Hi. I post this here because there is no git-annex specific subreddit.

What I currently have is a number of external (most of them USB) drives, each of them has four git-annex repositories: Music, movies, Books (as in epub/pdf) and images. I managed them by hand until now. The drives are different in size and some of them are too small to keep all data (like 120GB drive, very old and likely to fail, but 500GB of music).

What I want to have: Somehow plug all of these drives into one device (Raspberry or something like this) and let it be managed by git-annex automatically in a way that there are enough copies of each file so that a disk failure does not result in data loss. On my day-to-day devices (as of now a workstation with 2x3 TB data disks where each repository is on both of the drives, two notebooks, one GPD Pocket and one more notebook I'm about to buy in the next few months). On these devices I do not want to keep the data long-term (except for some of the music maybe), some of them do have very small drives (especially the GPD).

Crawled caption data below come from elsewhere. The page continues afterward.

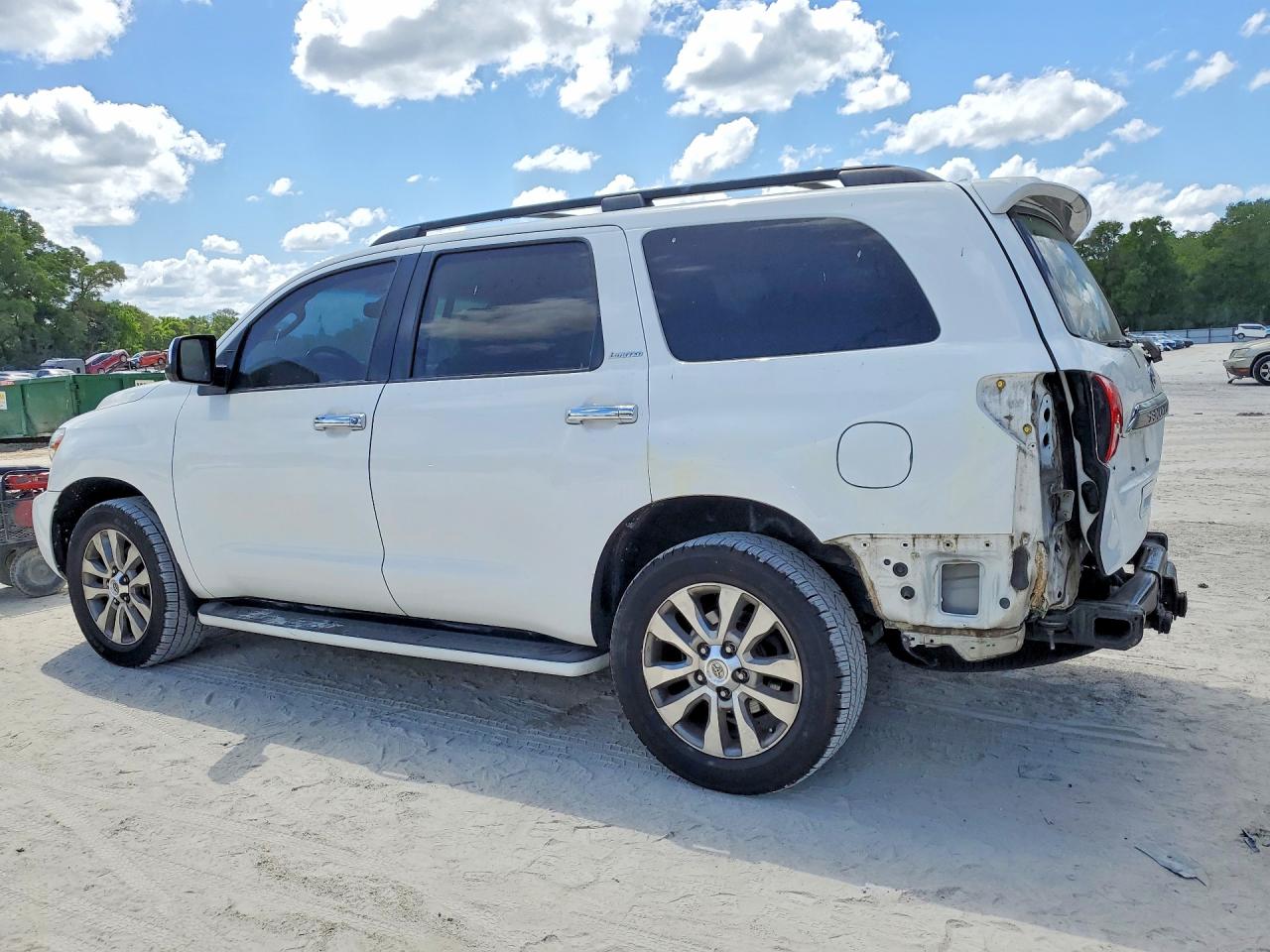2015 TOYOTA SEQUOIA LIMITED photo 2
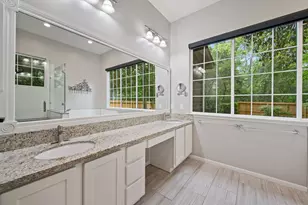 126 E Wilde Yaupon Circle, The Woodlands, TX 77381 - Photo 31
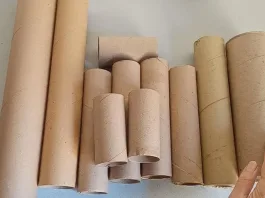 Transforma tubos de cartón y palitos en una hermosa pantalla para tu lámpara. ¡Fácil y rápido!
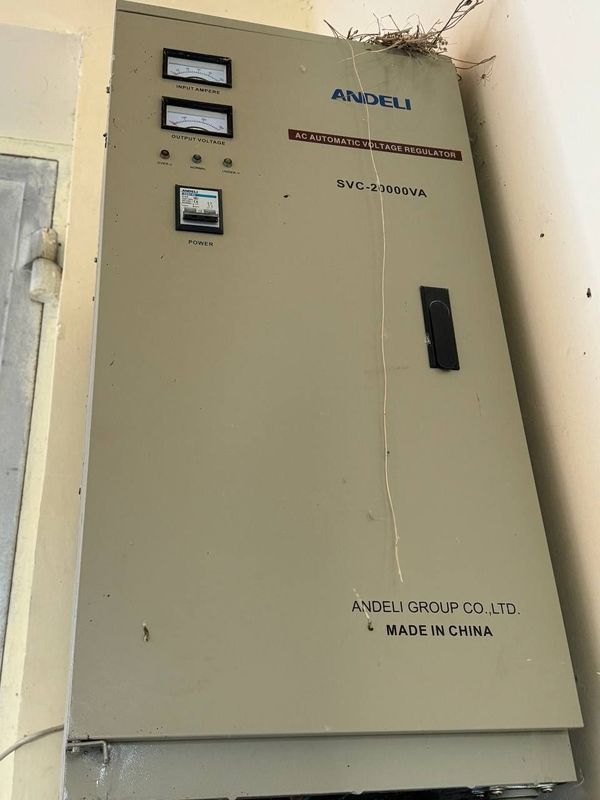 Стабилизатор ANDELI SVC-20000VA, атиги 5 ой ишлатилган пул кк срочно Стабилизатор ANDELI SVC-20000VA, атиги 5 ой ишлатилган пул кк срочно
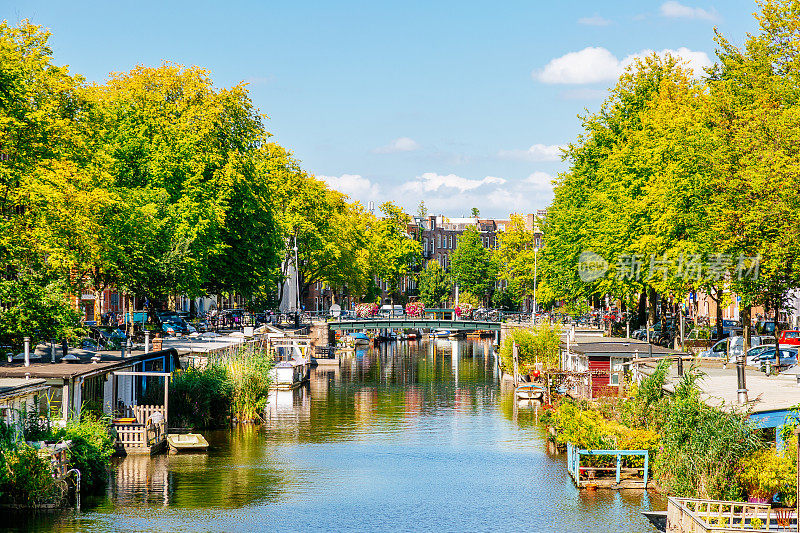阿姆斯特丹的中心。晴天里的运河。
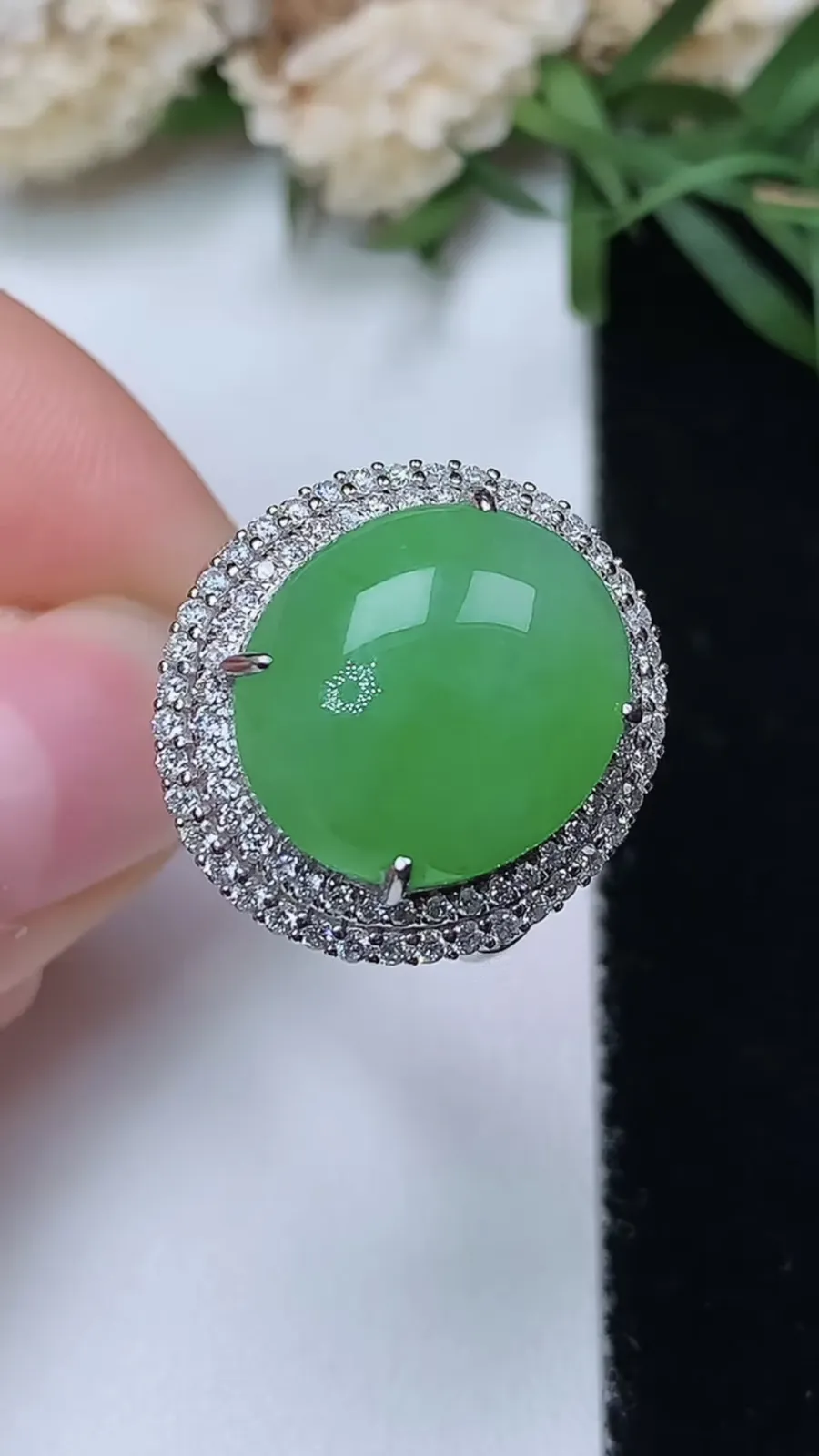 翡翠a货18k金冰种飘阳绿蛋面戒指，尺寸17.8-15-13.2，重量:6.61g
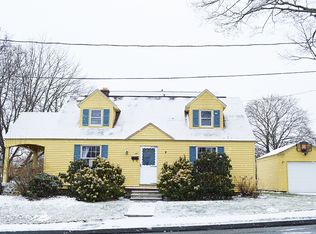 4 Lincoln St, North Andover, MA 01845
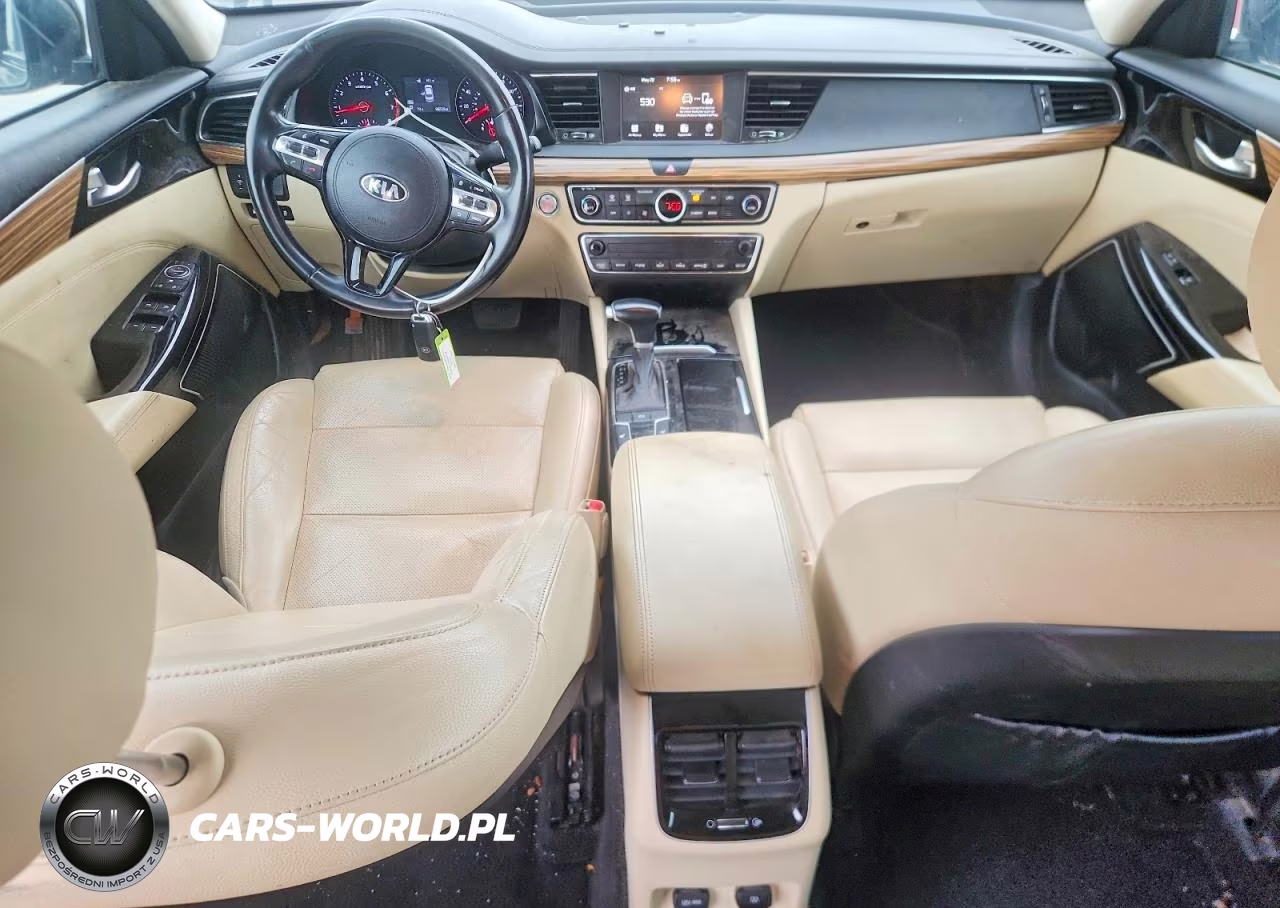 2018 Kia Cadenza Premium VIN:KNALB4J19J5120449 - 8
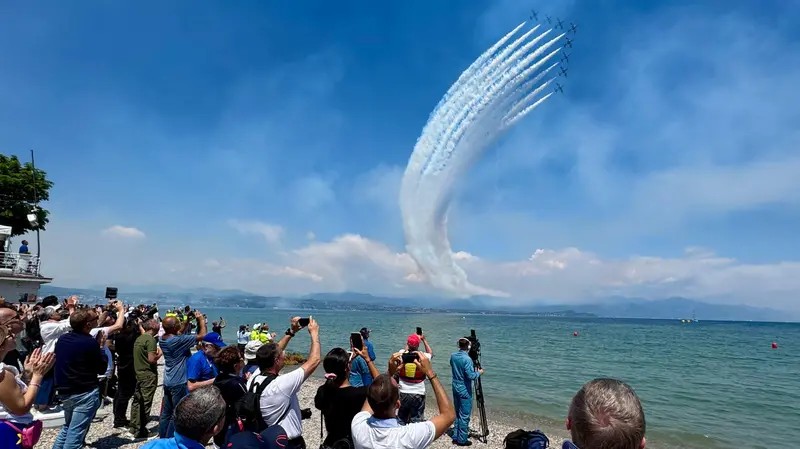 Le Frecce Tricolori sul Garda - © www.giornaledibrescia.it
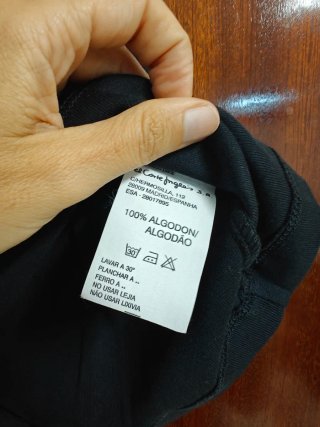 Camiseta Negra Pico Algodón Talla 40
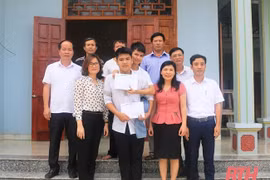 Báo Thanh Hóa trao 15 triệu đồng cho 3 học sinh vượt khó học giỏi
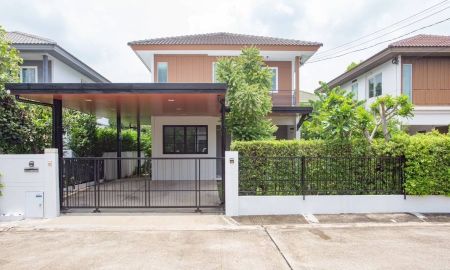 ขายบ้าน - บ้านเดี่ยวทำเลทอง ตั้งอยู่หน้าโรงเรียนแย้มสะอาดรังสิต หมู่บ้านพฤกลดา 3 รังสิต-ลำลูกกา บ้านสวย น่าอยู่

The "cluster" does not need to be online all the time and I do not care too much about speed - all important stuff will be on my day-to-day devices anyways, I don't mind if downloading a movie from the Custer takes one minute or fifteen!

My questions:

  1. What device can I use to plug in all these USB drives? I do not want a proper RAID because I think it is too much to set up, also I might add drives and some of the older drives might fail rather soon - not worth the hassle.
  2. How to instruct annex to keep copies on these drives and distribute files over the "cluster" (let's just call it that) automatically?
  3. How to move there from my current setup?

Any advice is welcome. I'll cross-post this to the datahoarders as well.

Thanks for your time.

Edit: Cross posting to datahoarders subreddit didn't work from my app, damn.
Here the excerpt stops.